What to work on ▸
Print out the complete set of records below, exactly as they read.

Supplied data: Begin

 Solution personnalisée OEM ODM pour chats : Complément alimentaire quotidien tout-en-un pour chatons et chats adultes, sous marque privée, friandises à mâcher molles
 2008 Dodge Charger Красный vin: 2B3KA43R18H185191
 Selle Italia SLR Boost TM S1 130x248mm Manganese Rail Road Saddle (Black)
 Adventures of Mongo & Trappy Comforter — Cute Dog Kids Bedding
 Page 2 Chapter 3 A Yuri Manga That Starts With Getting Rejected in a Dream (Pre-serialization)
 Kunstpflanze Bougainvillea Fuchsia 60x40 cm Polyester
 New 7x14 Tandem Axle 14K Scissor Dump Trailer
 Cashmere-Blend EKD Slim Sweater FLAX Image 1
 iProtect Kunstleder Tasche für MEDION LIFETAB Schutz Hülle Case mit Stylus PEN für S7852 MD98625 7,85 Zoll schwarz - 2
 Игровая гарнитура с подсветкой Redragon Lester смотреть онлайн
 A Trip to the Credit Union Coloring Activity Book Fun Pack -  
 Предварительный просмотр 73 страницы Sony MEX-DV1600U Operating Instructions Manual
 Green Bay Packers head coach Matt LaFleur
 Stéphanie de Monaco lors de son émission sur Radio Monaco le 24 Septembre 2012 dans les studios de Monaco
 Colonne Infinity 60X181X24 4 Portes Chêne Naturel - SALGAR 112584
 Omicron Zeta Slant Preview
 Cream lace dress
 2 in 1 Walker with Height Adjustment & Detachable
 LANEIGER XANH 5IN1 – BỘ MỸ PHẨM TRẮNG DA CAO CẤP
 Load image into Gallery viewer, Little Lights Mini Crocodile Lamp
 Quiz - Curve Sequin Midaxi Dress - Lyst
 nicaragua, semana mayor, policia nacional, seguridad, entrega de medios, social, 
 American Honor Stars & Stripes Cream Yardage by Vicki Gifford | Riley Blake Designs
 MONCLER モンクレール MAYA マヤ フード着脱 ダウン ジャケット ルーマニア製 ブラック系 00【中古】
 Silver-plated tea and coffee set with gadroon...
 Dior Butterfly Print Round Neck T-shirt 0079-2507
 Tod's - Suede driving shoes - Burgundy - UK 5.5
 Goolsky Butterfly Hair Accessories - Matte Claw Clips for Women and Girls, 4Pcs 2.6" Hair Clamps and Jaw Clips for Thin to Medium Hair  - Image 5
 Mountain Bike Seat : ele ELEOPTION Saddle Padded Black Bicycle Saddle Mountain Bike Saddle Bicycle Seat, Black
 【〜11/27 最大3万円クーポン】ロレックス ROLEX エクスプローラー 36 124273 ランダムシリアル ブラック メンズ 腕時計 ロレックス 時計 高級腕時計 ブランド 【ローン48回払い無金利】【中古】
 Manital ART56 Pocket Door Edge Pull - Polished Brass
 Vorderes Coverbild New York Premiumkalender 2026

Supplied data: End

Answer area ▸
 Solution personnalisée OEM ODM pour chats : Complément alimentaire quotidien tout-en-un pour chatons et chats adultes, sous marque privée, friandises à mâcher molles
 2008 Dodge Charger Красный vin: 2B3KA43R18H185191
 Selle Italia SLR Boost TM S1 130x248mm Manganese Rail Road Saddle (Black)
 Adventures of Mongo & Trappy Comforter — Cute Dog Kids Bedding
 Page 2 Chapter 3 A Yuri Manga That Starts With Getting Rejected in a Dream (Pre-serialization)
 Kunstpflanze Bougainvillea Fuchsia 60x40 cm Polyester
 New 7x14 Tandem Axle 14K Scissor Dump Trailer
 Cashmere-Blend EKD Slim Sweater FLAX Image 1
 iProtect Kunstleder Tasche für MEDION LIFETAB Schutz Hülle Case mit Stylus PEN für S7852 MD98625 7,85 Zoll schwarz - 2
 Игровая гарнитура с подсветкой Redragon Lester смотреть онлайн
 A Trip to the Credit Union Coloring Activity Book Fun Pack -  
 Предварительный просмотр 73 страницы Sony MEX-DV1600U Operating Instructions Manual
 Green Bay Packers head coach Matt LaFleur
 Stéphanie de Monaco lors de son émission sur Radio Monaco le 24 Septembre 2012 dans les studios de Monaco
 Colonne Infinity 60X181X24 4 Portes Chêne Naturel - SALGAR 112584
 Omicron Zeta Slant Preview
 Cream lace dress
 2 in 1 Walker with Height Adjustment & Detachable
 LANEIGER XANH 5IN1 – BỘ MỸ PHẨM TRẮNG DA CAO CẤP
 Load image into Gallery viewer, Little Lights Mini Crocodile Lamp
 Quiz - Curve Sequin Midaxi Dress - Lyst
 nicaragua, semana mayor, policia nacional, seguridad, entrega de medios, social, 
 American Honor Stars & Stripes Cream Yardage by Vicki Gifford | Riley Blake Designs
 MONCLER モンクレール MAYA マヤ フード着脱 ダウン ジャケット ルーマニア製 ブラック系 00【中古】
 Silver-plated tea and coffee set with gadroon...
 Dior Butterfly Print Round Neck T-shirt 0079-2507
 Tod's - Suede driving shoes - Burgundy - UK 5.5
 Goolsky Butterfly Hair Accessories - Matte Claw Clips for Women and Girls, 4Pcs 2.6" Hair Clamps and Jaw Clips for Thin to Medium Hair  - Image 5
 Mountain Bike Seat : ele ELEOPTION Saddle Padded Black Bicycle Saddle Mountain Bike Saddle Bicycle Seat, Black
 【〜11/27 最大3万円クーポン】ロレックス ROLEX エクスプローラー 36 124273 ランダムシリアル ブラック メンズ 腕時計 ロレックス 時計 高級腕時計 ブランド 【ローン48回払い無金利】【中古】
 Manital ART56 Pocket Door Edge Pull - Polished Brass
 Vorderes Coverbild New York Premiumkalender 2026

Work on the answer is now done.